THE DATA:
════════════════════

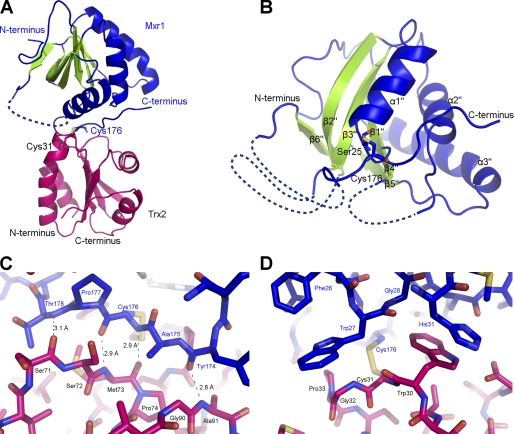 FIGURE 2.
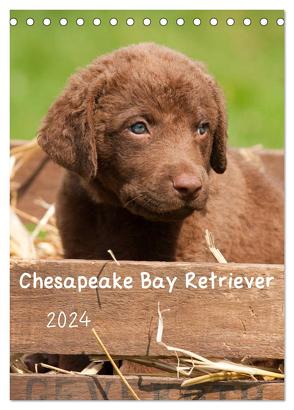 Chesapeake Bay Retriever 2024 (Tischkalender 2024 DIN A5 hoch), CALVENDO Monatskalender von Vika-Foto,  Vika-Foto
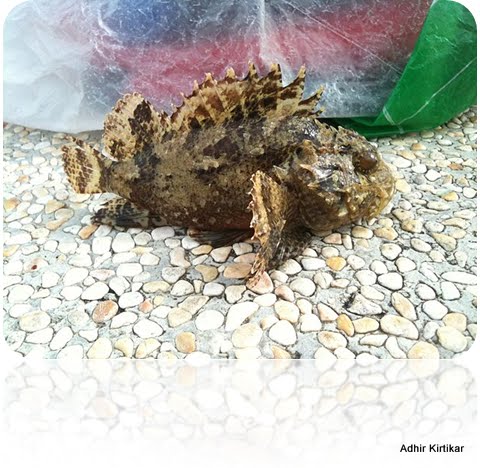 Scorpion Fish caught at Bedok Jetty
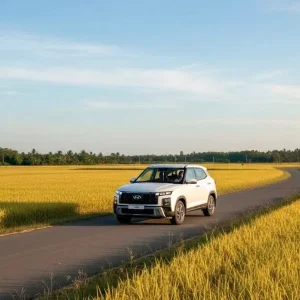 Private car Ninh Binh to Phong Nha - Halong Private Car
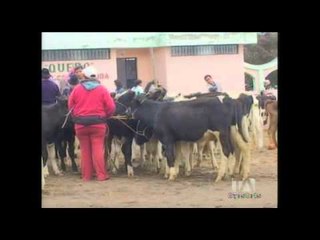 Autoridades clausuran camal en Tungurahua por infraestructura inadecuada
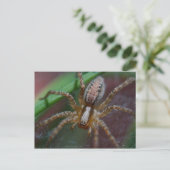 Riege Spider Postkarte (Stehend Vorderseite)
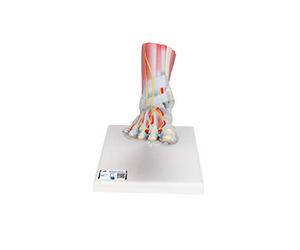 3B Scientific M34/1 Modello di scheletro del piede con legamenti e muscoli + software gratuito di anatomia - 3B Smart Anatomy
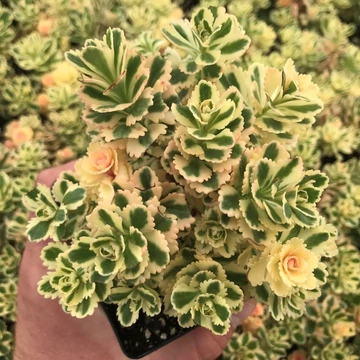 Sedum takesimense 'Atlantis' - Koreai varjúháj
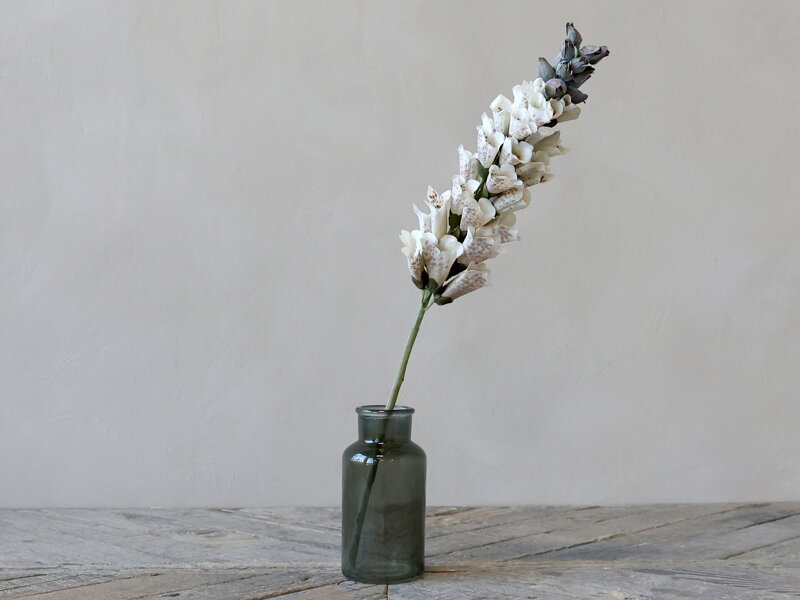 Fleur kvet Foxglove V80 cm biela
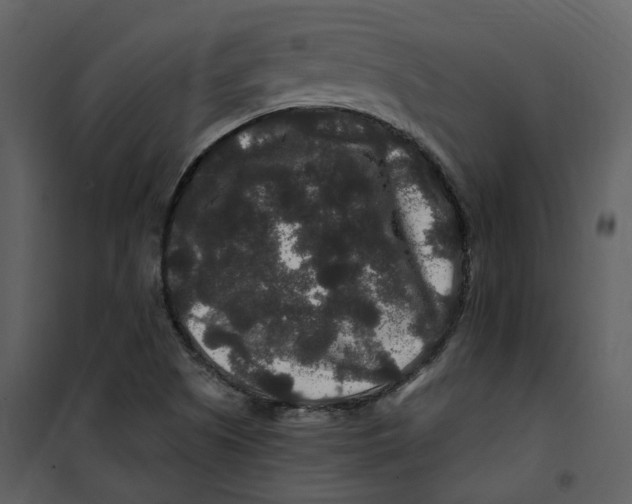 X0000100751505200807171359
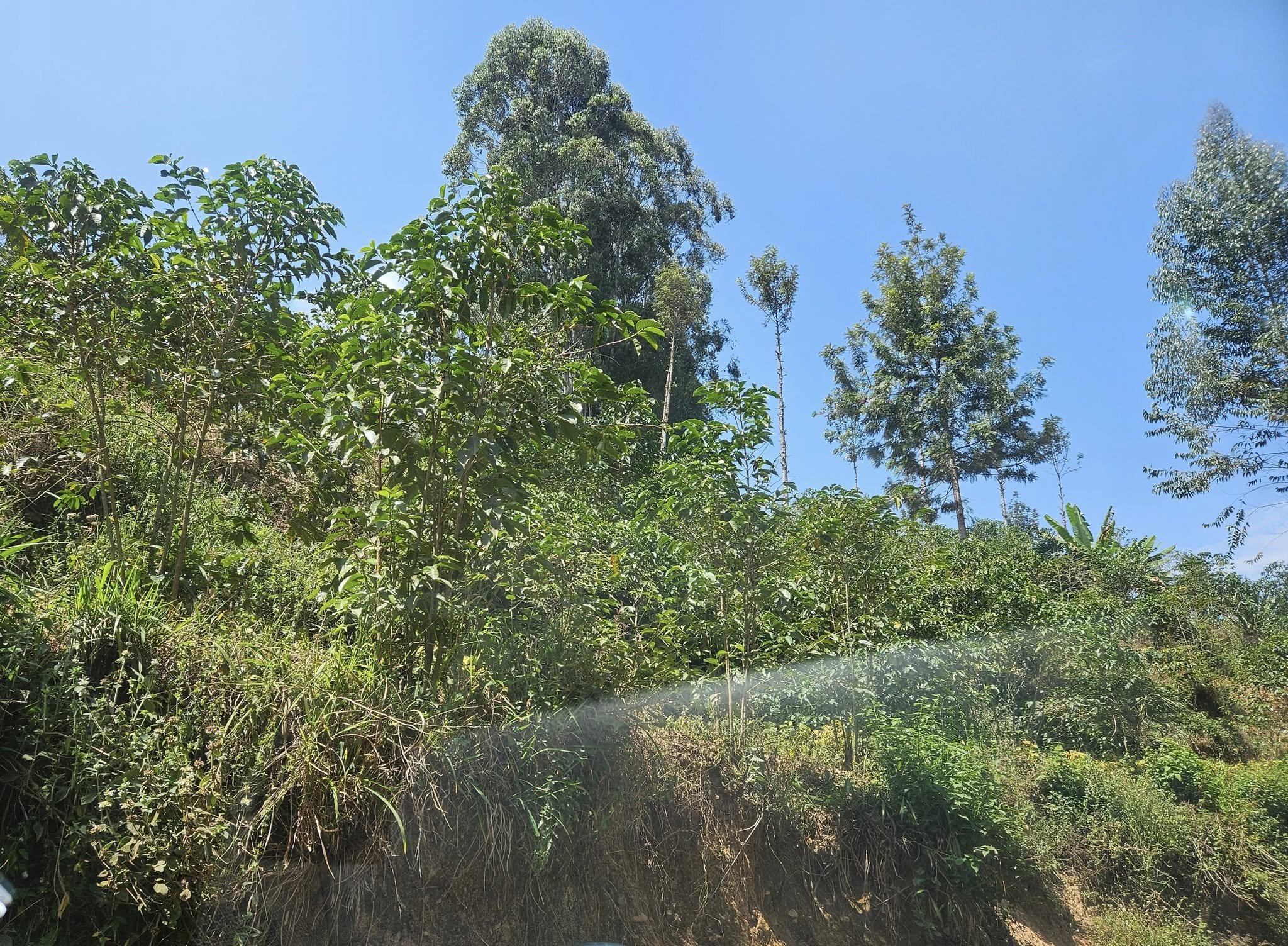 Coffee Plants at a coffee coop. 1250 local farmers belong to the coop and bring their coffee here to be processed before going on to the roaster. The manager, Susan, gave us a tour. This is where Sam sells the coffee he grows. It is quite a process.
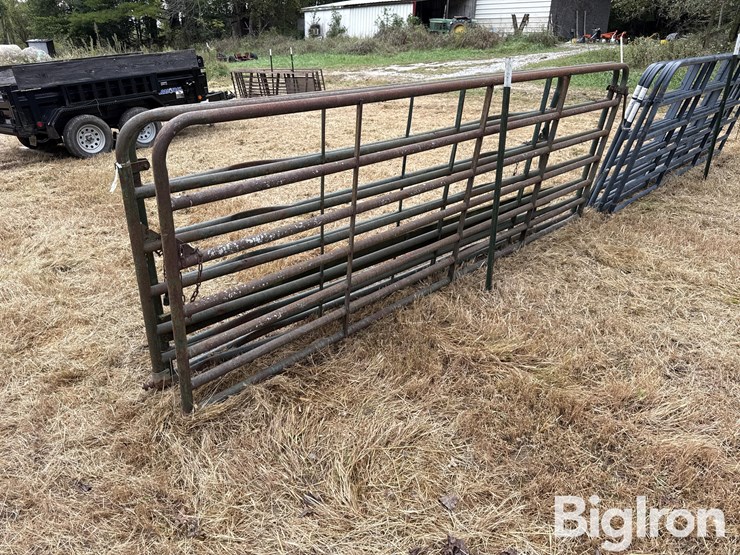 steel-12'-gates-image-5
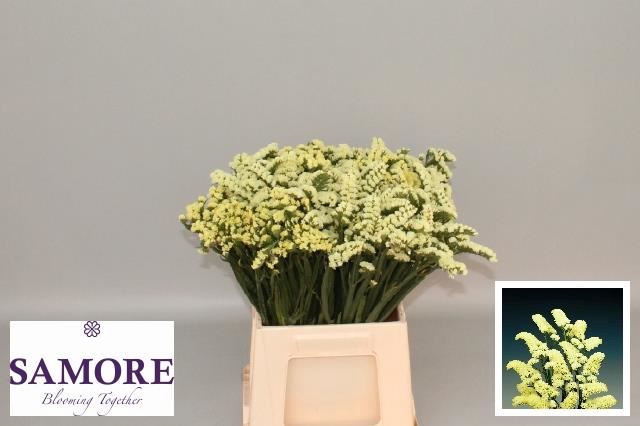 <h4>LIMONIUM SINUATUM 'YELLOW SUN BIRD'</h4>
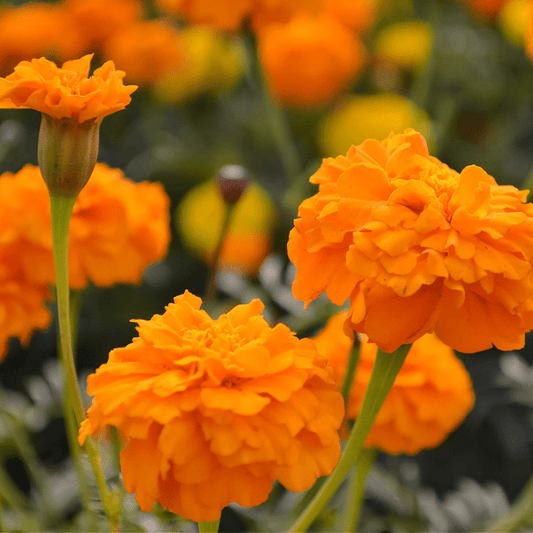 Marigolds & Sunshine fragrance oil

════════════════════

WHAT THE TASK ASKS:
Repeat the records in full, exactly as they appear, without the pictures.

TASK RESULT:
 FIGURE 2.
 Chesapeake Bay Retriever 2024 (Tischkalender 2024 DIN A5 hoch), CALVENDO Monatskalender von Vika-Foto,  Vika-Foto
 Scorpion Fish caught at Bedok Jetty
 Private car Ninh Binh to Phong Nha - Halong Private Car
 Autoridades clausuran camal en Tungurahua por infraestructura inadecuada
 Riege Spider Postkarte (Stehend Vorderseite)
 3B Scientific M34/1 Modello di scheletro del piede con legamenti e muscoli + software gratuito di anatomia - 3B Smart Anatomy
 Sedum takesimense 'Atlantis' - Koreai varjúháj
 Fleur kvet Foxglove V80 cm biela
 X0000100751505200807171359
 Coffee Plants at a coffee coop. 1250 local farmers belong to the coop and bring their coffee here to be processed before going on to the roaster. The manager, Susan, gave us a tour. This is where Sam sells the coffee he grows. It is quite a process.
 steel-12'-gates-image-5
 <h4>LIMONIUM SINUATUM 'YELLOW SUN BIRD'</h4>
 Marigolds & Sunshine fragrance oil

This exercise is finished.